SB 5242 would help school principals protect our kids from bad teachers

Yesterday in The Seattle Times, Jonathan Martin writes that parents of second-grade students in Room 105 at Seattle’s West Woodland Elementary realized their teacher was incompetent.  This teacher didn’t learn the names of the children, bungled attendance, didn’t assign math or reading work, didn’t grade homework, mumbled instead of teaching, didn’t return parents’ emails, and wrote inappropriate words on the blackboard. This teacher had been force-placed in the school by seniority rules that govern teacher assignments.

Parents of Room 105 complained to the school principal, wrote letters to the district and staged a mass walk-out of their children. 

The school principal and district officials ignored the parents’ pleas. Why?  Because they have no choice.  The procedural requirements for dismissing an incompetent tenured teacher are so unreasonable and complex that they require administrators to provide the teacher an excessive number of observations, written reports, second, third and fourth chances, and numerous appeals, costing districts between $200,000 and $250,000 per teacher.  These requirements act as a huge disincentive to school administrators. It is such a big headache, they don’t even try.  

The only recourse a school principal has to protect her students from bad teachers is to wait out the year, and then shift the bad teacher to another school, in the famous “Dance of the Lemons.” But this does not avoid the possibility that a new bad teacher will be force-placed in Room 105 next year.

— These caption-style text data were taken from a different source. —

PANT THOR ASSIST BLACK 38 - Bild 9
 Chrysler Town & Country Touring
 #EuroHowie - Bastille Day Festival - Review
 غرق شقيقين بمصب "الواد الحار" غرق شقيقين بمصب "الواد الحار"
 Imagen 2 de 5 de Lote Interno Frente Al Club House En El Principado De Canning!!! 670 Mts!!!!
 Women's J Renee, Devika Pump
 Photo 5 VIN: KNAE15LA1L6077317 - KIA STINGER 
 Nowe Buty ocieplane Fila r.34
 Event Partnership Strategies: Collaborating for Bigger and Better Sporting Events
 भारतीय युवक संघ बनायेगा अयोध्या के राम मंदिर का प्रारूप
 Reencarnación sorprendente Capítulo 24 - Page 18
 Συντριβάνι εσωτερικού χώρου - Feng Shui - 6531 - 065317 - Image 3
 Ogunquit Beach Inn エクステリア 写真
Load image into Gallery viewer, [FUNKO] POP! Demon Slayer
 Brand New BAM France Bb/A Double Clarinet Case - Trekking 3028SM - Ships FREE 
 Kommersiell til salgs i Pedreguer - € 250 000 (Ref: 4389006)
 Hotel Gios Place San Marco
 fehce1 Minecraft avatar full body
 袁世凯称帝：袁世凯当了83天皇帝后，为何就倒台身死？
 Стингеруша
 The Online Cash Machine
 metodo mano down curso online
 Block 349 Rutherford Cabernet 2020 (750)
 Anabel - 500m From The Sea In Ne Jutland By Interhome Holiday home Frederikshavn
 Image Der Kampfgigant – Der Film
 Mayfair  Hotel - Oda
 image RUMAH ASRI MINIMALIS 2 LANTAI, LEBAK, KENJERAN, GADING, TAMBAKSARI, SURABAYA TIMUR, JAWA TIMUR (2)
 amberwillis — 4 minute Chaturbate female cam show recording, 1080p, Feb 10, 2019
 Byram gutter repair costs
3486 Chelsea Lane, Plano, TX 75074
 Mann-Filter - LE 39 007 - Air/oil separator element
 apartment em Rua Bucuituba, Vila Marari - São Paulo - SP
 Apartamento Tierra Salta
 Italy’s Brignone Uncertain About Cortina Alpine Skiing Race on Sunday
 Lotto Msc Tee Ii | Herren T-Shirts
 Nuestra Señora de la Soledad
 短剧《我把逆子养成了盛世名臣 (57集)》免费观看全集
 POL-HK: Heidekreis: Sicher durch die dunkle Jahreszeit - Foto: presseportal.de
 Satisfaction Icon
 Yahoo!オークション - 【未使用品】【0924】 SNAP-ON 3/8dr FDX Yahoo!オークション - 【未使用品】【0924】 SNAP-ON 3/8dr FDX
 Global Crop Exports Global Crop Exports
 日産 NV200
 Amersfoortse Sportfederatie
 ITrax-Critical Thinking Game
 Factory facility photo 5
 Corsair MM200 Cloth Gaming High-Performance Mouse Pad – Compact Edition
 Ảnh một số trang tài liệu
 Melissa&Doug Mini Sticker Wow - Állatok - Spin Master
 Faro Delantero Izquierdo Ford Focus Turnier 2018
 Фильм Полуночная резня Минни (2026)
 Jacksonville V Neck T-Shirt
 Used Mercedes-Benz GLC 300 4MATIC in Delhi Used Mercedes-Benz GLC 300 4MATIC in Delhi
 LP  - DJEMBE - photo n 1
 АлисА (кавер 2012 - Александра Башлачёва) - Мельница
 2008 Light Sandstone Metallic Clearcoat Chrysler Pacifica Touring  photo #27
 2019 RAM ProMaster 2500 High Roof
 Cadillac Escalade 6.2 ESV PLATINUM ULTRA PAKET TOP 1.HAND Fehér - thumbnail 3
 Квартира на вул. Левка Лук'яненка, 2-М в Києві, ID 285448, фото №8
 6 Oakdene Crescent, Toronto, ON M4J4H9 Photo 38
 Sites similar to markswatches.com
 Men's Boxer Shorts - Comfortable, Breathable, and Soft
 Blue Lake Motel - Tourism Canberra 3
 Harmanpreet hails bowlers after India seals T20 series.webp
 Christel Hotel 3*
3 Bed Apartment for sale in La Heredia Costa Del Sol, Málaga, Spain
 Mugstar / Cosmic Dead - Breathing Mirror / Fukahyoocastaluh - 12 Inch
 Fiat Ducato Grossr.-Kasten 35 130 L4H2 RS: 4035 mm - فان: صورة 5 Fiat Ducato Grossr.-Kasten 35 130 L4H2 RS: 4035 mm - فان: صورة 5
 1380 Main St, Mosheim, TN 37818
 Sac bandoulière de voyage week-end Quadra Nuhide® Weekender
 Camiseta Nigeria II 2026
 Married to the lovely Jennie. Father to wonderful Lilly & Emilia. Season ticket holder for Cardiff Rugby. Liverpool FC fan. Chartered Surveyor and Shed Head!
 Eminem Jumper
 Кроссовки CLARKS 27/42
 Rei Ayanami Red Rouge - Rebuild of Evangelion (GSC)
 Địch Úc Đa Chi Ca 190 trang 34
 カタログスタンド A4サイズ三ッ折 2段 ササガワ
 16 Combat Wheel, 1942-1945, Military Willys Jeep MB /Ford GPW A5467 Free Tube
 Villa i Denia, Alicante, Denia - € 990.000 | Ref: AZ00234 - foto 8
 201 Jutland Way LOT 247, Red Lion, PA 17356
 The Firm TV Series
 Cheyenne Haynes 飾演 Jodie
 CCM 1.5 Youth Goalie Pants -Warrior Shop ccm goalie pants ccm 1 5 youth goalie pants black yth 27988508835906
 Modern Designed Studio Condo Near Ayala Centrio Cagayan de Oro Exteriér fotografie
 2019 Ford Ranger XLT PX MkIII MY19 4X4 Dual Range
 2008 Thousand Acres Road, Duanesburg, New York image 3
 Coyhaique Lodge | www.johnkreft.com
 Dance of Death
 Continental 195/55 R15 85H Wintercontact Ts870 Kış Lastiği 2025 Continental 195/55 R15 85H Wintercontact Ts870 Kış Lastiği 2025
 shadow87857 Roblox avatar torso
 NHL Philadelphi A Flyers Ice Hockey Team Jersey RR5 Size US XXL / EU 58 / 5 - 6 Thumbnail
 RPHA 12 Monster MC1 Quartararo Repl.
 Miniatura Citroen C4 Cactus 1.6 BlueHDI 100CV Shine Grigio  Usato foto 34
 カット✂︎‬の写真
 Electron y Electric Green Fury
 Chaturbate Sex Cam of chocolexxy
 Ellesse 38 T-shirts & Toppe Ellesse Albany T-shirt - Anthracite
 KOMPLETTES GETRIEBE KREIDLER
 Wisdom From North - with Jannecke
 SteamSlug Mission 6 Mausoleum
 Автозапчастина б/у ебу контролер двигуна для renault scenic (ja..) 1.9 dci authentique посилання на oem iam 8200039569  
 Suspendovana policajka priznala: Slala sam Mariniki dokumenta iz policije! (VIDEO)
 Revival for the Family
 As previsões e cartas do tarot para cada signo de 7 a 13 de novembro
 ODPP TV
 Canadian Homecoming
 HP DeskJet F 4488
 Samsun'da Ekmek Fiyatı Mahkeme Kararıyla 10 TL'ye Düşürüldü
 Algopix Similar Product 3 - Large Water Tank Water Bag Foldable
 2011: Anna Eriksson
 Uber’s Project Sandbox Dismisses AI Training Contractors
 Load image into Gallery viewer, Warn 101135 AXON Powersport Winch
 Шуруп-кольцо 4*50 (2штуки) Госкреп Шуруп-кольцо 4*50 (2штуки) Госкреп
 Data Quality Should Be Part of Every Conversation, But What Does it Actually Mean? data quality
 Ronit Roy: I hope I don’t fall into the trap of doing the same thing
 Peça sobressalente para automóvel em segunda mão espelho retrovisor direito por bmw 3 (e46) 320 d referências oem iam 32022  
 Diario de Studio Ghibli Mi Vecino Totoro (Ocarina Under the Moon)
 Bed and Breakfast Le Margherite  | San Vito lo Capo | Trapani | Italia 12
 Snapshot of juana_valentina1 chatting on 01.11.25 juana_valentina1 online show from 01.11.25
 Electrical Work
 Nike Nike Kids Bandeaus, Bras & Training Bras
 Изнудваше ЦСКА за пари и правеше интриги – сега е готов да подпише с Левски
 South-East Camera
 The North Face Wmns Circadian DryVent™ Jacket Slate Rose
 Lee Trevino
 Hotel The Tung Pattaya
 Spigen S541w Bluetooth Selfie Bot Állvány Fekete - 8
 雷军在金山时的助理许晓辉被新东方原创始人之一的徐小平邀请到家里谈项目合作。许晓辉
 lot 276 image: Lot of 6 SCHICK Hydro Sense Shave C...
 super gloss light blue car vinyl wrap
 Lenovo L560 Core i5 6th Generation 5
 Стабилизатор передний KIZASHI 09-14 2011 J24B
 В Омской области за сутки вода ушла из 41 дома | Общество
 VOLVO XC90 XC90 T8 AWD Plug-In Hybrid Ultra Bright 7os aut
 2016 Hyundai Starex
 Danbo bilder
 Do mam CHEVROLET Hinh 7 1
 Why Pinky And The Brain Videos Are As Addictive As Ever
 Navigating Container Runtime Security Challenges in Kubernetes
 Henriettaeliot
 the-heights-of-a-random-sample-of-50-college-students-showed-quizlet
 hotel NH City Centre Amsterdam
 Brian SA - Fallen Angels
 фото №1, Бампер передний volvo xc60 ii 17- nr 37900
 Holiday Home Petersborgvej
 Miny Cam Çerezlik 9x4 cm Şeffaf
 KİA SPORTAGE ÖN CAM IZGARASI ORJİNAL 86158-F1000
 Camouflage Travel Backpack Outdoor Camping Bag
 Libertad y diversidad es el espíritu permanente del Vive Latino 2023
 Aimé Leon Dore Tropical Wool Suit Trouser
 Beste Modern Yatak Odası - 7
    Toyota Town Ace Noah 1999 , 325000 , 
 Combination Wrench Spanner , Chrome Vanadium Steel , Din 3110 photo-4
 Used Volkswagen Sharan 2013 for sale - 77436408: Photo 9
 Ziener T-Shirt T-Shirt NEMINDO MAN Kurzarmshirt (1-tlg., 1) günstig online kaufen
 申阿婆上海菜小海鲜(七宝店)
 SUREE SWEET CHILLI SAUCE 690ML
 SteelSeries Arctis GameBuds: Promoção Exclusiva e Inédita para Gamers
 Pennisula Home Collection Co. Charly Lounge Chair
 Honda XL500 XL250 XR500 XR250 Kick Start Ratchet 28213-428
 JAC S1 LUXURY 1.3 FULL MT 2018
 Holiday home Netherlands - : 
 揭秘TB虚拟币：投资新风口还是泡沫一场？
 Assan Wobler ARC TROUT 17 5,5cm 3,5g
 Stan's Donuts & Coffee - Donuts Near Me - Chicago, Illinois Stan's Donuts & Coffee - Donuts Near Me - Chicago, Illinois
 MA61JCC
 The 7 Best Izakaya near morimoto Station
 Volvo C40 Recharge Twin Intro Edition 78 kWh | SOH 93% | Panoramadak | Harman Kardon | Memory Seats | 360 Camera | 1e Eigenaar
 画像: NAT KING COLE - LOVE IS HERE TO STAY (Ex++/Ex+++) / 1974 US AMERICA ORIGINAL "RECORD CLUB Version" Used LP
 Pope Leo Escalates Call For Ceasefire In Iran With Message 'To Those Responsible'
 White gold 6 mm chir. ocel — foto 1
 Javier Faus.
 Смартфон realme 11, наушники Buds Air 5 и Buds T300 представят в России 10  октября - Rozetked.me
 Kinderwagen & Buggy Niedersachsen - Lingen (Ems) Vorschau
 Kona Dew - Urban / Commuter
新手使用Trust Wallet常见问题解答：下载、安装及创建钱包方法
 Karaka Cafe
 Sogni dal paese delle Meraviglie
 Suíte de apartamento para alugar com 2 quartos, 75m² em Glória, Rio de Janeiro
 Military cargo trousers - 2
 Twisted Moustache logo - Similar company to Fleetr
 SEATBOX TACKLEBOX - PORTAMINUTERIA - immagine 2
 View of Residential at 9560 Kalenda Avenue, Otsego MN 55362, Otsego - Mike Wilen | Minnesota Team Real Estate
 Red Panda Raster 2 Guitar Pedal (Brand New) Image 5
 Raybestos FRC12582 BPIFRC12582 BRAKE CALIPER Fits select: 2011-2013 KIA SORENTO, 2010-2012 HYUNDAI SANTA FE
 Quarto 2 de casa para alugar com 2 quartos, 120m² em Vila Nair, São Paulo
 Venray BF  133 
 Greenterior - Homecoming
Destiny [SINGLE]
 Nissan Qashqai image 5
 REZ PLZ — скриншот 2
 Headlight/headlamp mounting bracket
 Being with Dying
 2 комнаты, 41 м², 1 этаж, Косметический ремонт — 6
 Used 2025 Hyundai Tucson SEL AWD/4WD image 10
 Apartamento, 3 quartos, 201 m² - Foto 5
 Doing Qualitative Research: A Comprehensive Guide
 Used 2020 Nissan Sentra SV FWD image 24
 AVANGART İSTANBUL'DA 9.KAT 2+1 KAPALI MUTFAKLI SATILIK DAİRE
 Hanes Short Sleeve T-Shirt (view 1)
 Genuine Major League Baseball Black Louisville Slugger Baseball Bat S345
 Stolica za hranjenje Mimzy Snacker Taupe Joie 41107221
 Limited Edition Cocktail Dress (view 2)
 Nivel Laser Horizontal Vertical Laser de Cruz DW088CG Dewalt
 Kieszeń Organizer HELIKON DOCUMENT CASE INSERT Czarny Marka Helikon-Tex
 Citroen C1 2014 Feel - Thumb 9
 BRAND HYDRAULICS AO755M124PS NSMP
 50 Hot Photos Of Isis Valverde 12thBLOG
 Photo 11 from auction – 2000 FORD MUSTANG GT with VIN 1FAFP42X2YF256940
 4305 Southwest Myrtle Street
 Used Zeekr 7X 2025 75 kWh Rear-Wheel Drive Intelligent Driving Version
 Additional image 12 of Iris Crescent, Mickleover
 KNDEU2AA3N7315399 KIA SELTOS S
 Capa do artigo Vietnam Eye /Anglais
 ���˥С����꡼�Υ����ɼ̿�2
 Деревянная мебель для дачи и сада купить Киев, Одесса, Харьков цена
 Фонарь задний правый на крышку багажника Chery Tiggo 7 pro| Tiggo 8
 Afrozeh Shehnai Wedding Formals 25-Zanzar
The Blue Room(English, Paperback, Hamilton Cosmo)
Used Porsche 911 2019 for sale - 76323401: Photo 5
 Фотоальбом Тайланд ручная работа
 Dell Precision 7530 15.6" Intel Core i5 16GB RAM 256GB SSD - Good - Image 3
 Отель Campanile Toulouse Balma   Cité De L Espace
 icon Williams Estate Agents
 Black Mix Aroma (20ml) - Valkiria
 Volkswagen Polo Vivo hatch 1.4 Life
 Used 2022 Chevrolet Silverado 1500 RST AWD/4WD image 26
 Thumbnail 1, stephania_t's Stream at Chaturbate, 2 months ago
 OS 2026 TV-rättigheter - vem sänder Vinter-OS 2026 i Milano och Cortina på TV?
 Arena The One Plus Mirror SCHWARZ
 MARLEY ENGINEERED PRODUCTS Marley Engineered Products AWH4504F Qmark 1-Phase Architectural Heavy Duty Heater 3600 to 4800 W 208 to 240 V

Mr. Martin’s editorial then argues, illogically, against a bill that would fix this.  SB 5242, sponsored by reform-minded Senators Litzow (R-Mercer Island), Dammeier (R-Puyallup) and Tom (D-Bellevue), would allow school principals to refuse the assignment of bad teachers to their schools.  But Mr. Martin rejects this reform, saying SB 5242 is flawed because it would create district “rubber rooms” full of bad teachers unable to find gainful employment in the district.     

This is inaccurate.  SB 5242 clearly provides that teachers unable to find a principal willing to offer them a classroom may instead be offered another assignment, including a substitute assignment, an instructional support position, a position in a district office, or another position. See Section 1, subsection (4). School districts across Washington employ thousands of people in these positions, as Table 7 of the Superintendent of Public Instruction’s Personnel Summary Reports shows, accessible here.  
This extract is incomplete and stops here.